1° l'Evangile est appelé un témoignage : il n'est donc pas une assertion sans preuves ;

2° Le, chrétien ne doit pas en avoir honte. Le courage est souvent nécessaire à la profession de l'Evangile, surtout dans des temps de persécution;

3° Ce courage n'est pas une vaine présomption sans preuves ni raisons, mais une assurance fondée sur des motifs - « Ne prends donc point à honte, etc. »

4° L'Evangile est le témoignage de notre Seigneur - il rend témoignage de Christ qui est notre Seigneur. Paul et Timothée étaient serviteurs de Dieu au même titre (Philip., I, 4) ; ils étaient placés dans la même position vis-à-vis de Jésus-Christ , et, par conséquent, tenus de lui obéir;

5° Paul était son prisonnier ; les hommes l'avaient mis en prison , mais il n'était pas en leur pouvoir, et il ne souffrait pas non plus comme un malfaiteur.

b. De la place de chaque mot dans la phrase, il résulte que

1° Ne pas prendre part aux afflictions de l'Evangile quand on y est appelé, c'est avoir honte du témoignage de notre Seigneur;

2° Celui qui a honte des chrétiens quand ils souffrent comme chrétiens, a honte de Christ lui-même;

3° Nous devons rendre témoignage à Christ, non pas seulement dans la prospérité, mais encore dans l'affliction ;

4° Même dans ses liens, Paul prêchait l'Evangile;

5° Paul rendit toujours un fidèle témoignage à la vérité; il adjure maintenant Timothée d'en faire autant. Il est nécessaire que tous les serviteurs de Dieu s'unissent pour rendre témoignage,

6° Un coeur timide et sans foi n'est propre ni à rendre témoignage , ni à prendre part aux afflictions de l'Evangile.

c. Si l'on fait attention au contexte, on verra que le but de Paul, dans cette partie du chapitre, est d'exhorter Timothée à tout souffrir pour la cause de Christ, et il appuie son exhortation de nombreux et puissants arguments.

- Le verset 4 montre que les chrétiens peuvent se réjouir , même dans l'affliction , et vivre dans la plus heureuse communion les uns avec les autres.

- Le verset 3 nous rappelle que les chrétiens qui sont dans le cas de souffrir pour l'Evangile ont besoin qu'on prie pour eux « nuit et jour. »

- Le verset 5, que le souvenir de parents et d'ancêtres pieux peut être un précieux encouragement à la fermeté et à la fidélité , surtout à des époques de persécution.

- Le verset 6 , que le don qu'un ministre a reçu de Dieu doit être ranime, non-seulement pour enseigner , mais aussi pour souffrir.

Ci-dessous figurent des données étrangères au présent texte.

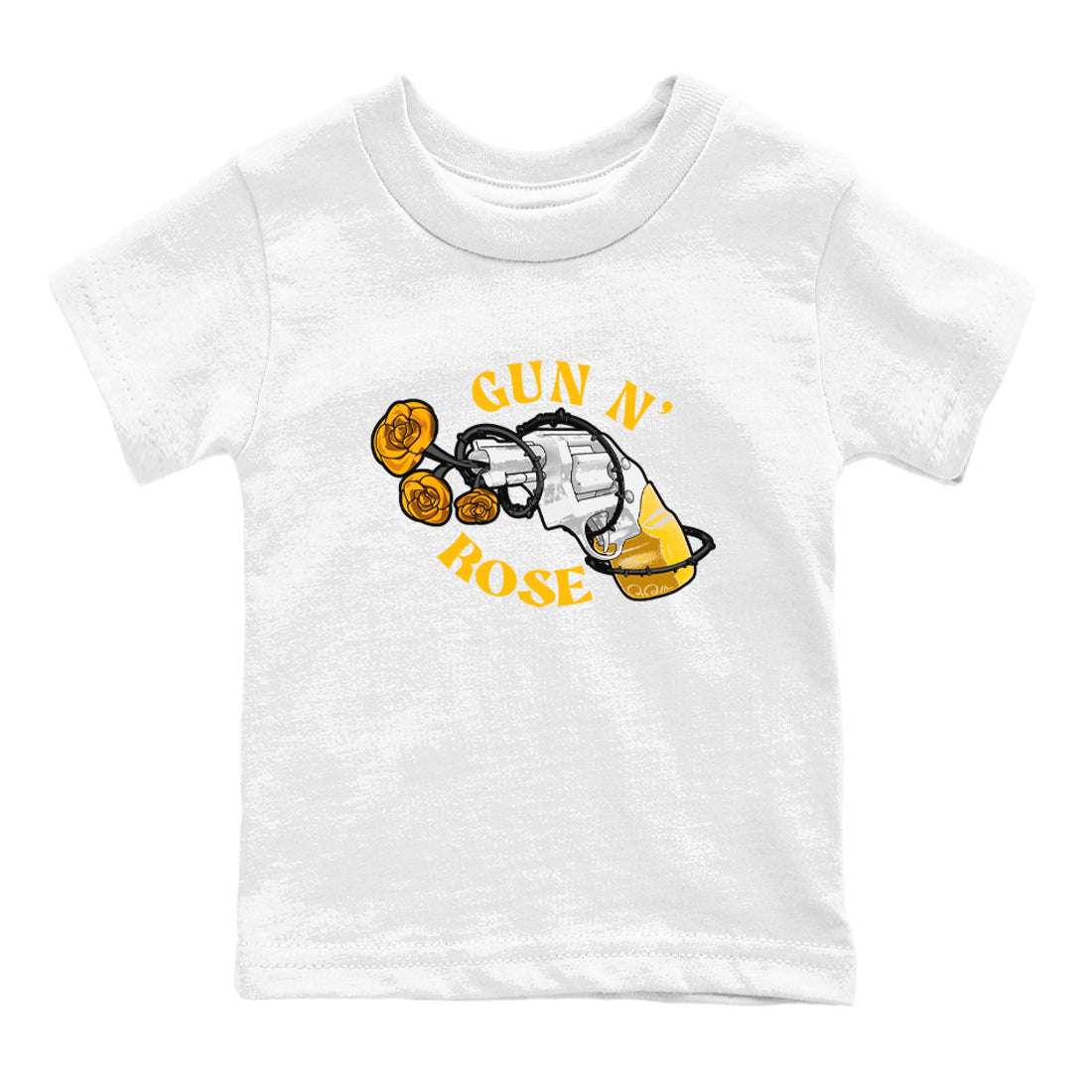 Air Jordan 6 Yellow Ochre shirt to match jordans Gun N Rose sneaker tees streetwear brand AJ6 Yellow Ochre Drip Gear Zone Brand baby toddler White 2 cotton Shirt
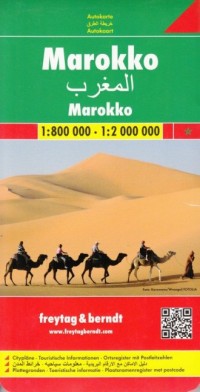 Maroko mapa (skala 1: 800 000) - okładka książki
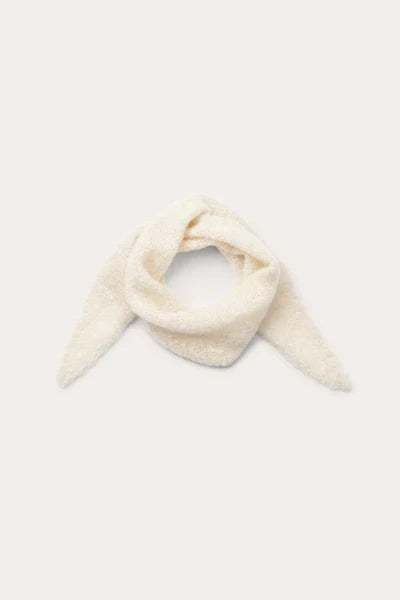 EBONY SCARF, OFF WHITE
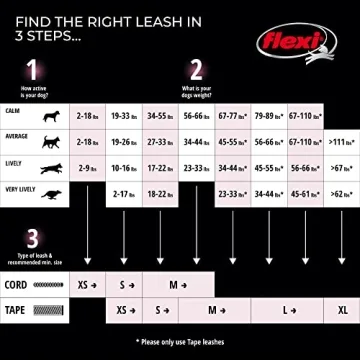 FLEXI New Classic Retractable Leash for Small Dogs Up to 26 lbs.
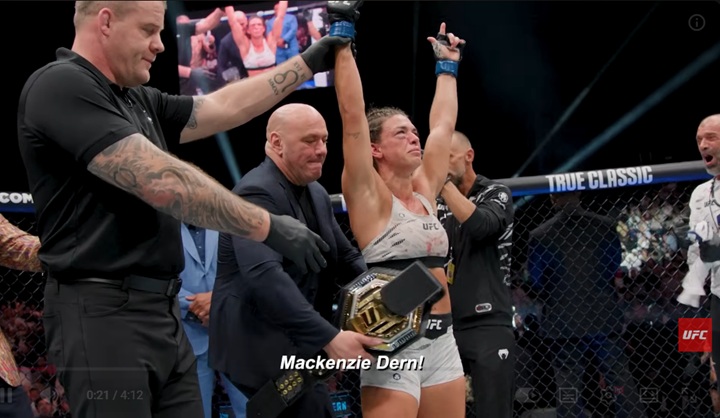 Mackenzie Dern admite que esperava enfrentar Weili Zhang e destaca estilo semelhante de Gillian Robertson (Foto: Reprodução/UFC)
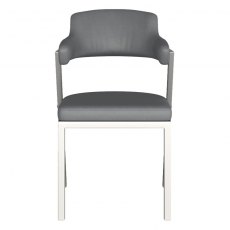 Freya Dining Chair - Grey PU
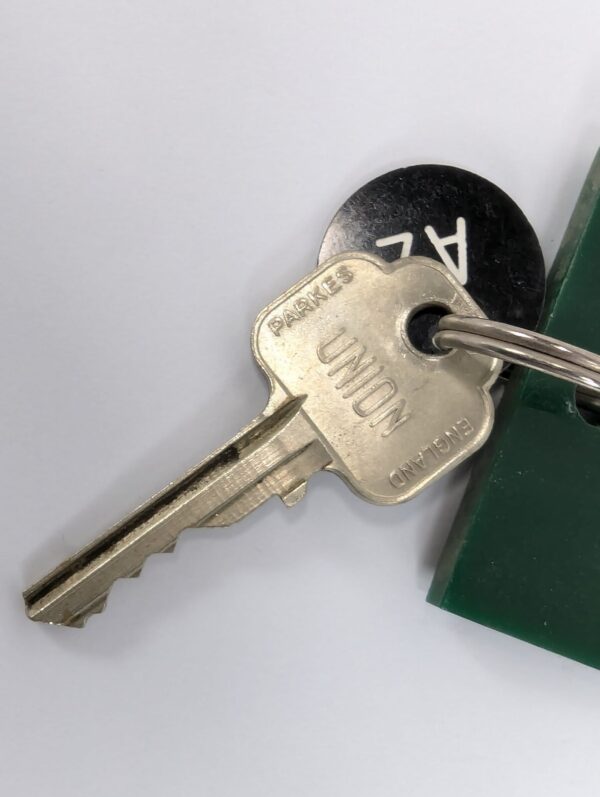 Vintage Thistle Hotels Edinburgh Room Key and Green Acrylic Fob Set A21 Good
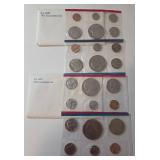 US Mint Proof Sets from 1976 and 1977. 24 Coins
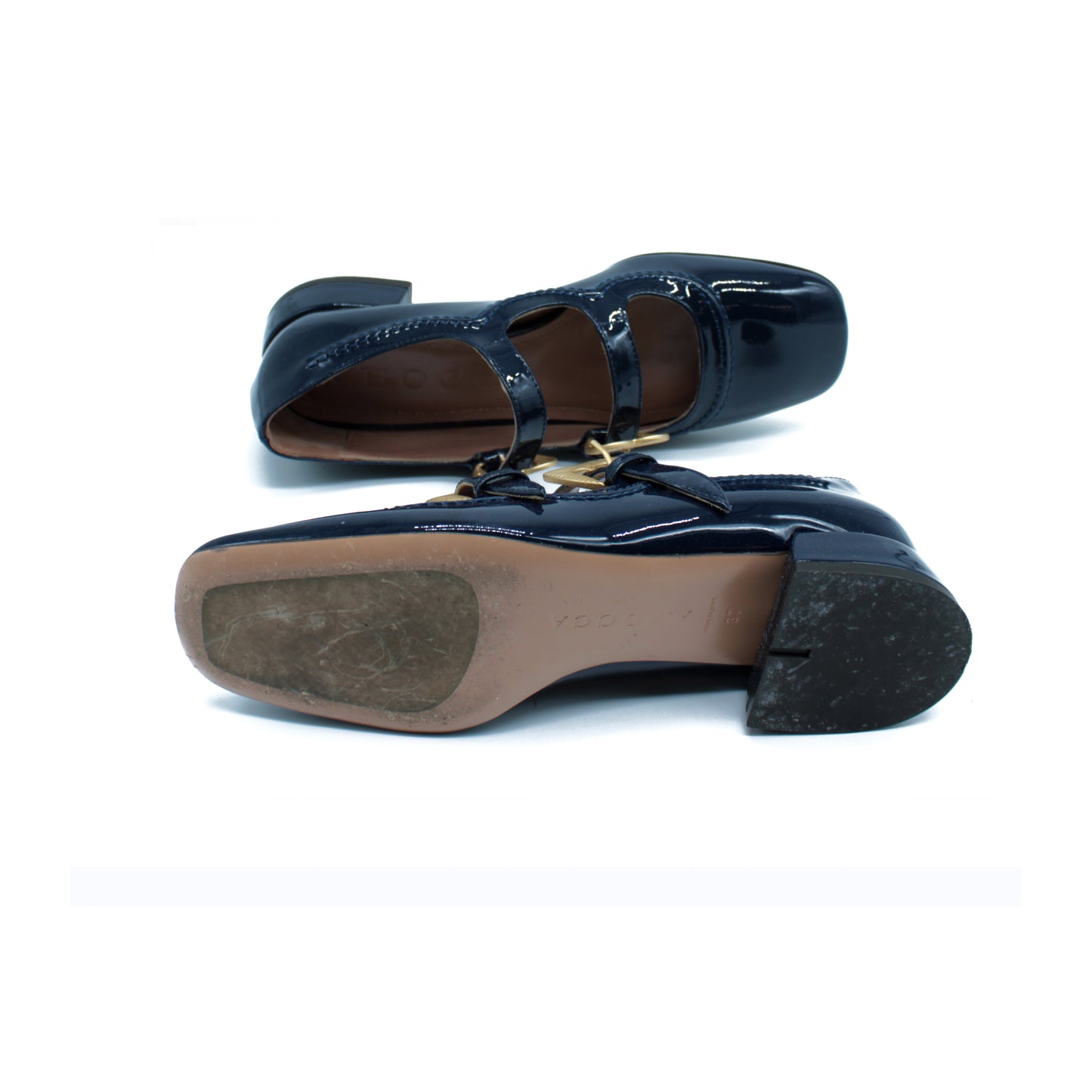 Double strap in vernice color midnight - Second life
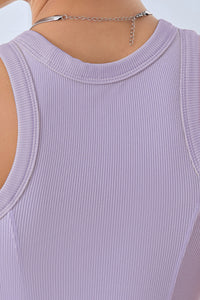 Women Low Impact Fixed Cup Longline Sports Bra Yoga Pilates Fitness Top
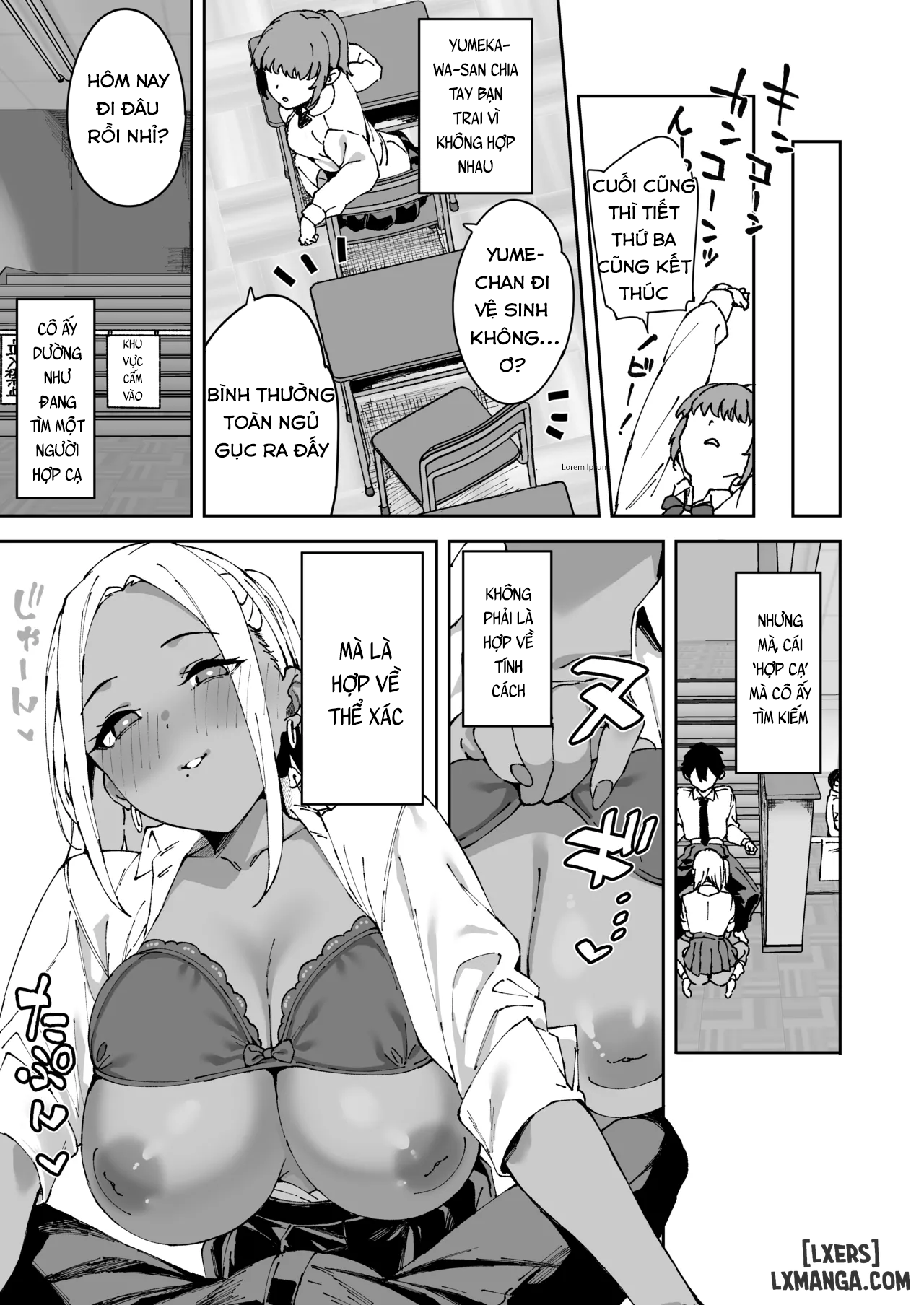 đọc truyện Kurasu No Kuro Gyaru To Sefure Ni Natta Hanashi Chương 2 ảnh 2 tại Giả Dược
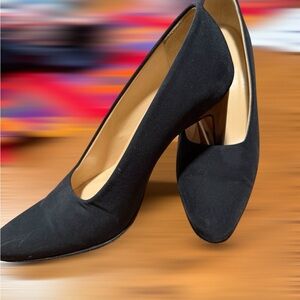 Vintage — Sesto Meucci Classic Black Heels—5.5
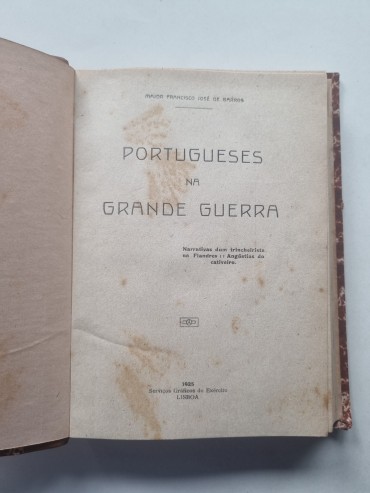 PORTUGUESES NA GRANDE GUERRA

- Le verset 7, que les dons de puissance, d'amour (pour Christ et pour les âmes) et de prudence dans l'accomplissement de devoirs difficiles , obligent le chrétien à la fidélité dans l'affliction.

- Le verset 9 , que la pensée de notre salut, de la grâce et du dessein de Dieu envers nous, doit bannir la crainte que pourraient inspirer des souffrances temporelles.

- Le verset 10, que la supériorité de la dispensation évangélique et la confirmation de notre foi par l'apparition et la résurrection de Christ doivent nous rendre plus disposés à souffrir; car nous souffrons, non pour des fables artificieusement composées , mais pour la vérité de Dieu.

En comparant ce verset avec ceux qui précèdent, on en retire encore d'autres leçons. La crainte de la persécution est une cause fréquente d'apostasie. Les hommes ont souvent honte de l'Evangile de Christ, parce qu'ils craignent d'avoir leur part des afflictions de l'Evangile. La prudence, la vraie sagesse consiste à savoir supporter l'affliction plutôt que de renier Christ. La prudence humaine, la sagesse terrestre est éprouvée et reconnue vaine par l'affliction. L'esprit de crainte est dangereux pour notre affermissement dans la foi ; il n'est pas un don de Dieu. La vraie force est dans la constance et la fidélité. L'amour a tant d'influence sur l'âme, que, si nous sommes exposés aux plus sévères épreuves , même à la mort, il nous rend inébranlables. L'apostasie implique faiblesse , froideur, folie; la persévérance suppose force, prudence et amour.

d. Le but de la lettre , les circonstances dans lesquelles se trouve celui qui l'écrit, peuvent suggérer aussi d'importantes leçons. Saint Paul est prisonnier pour l'amour de l'Evangile; il prie Timothée de venir le rejoindre, et il cherche à le préparer d'avance et à le fortifier contre les afflictions et les persécutions qui , à cette époque, désolaient les Eglises à Ephèse et à Rome.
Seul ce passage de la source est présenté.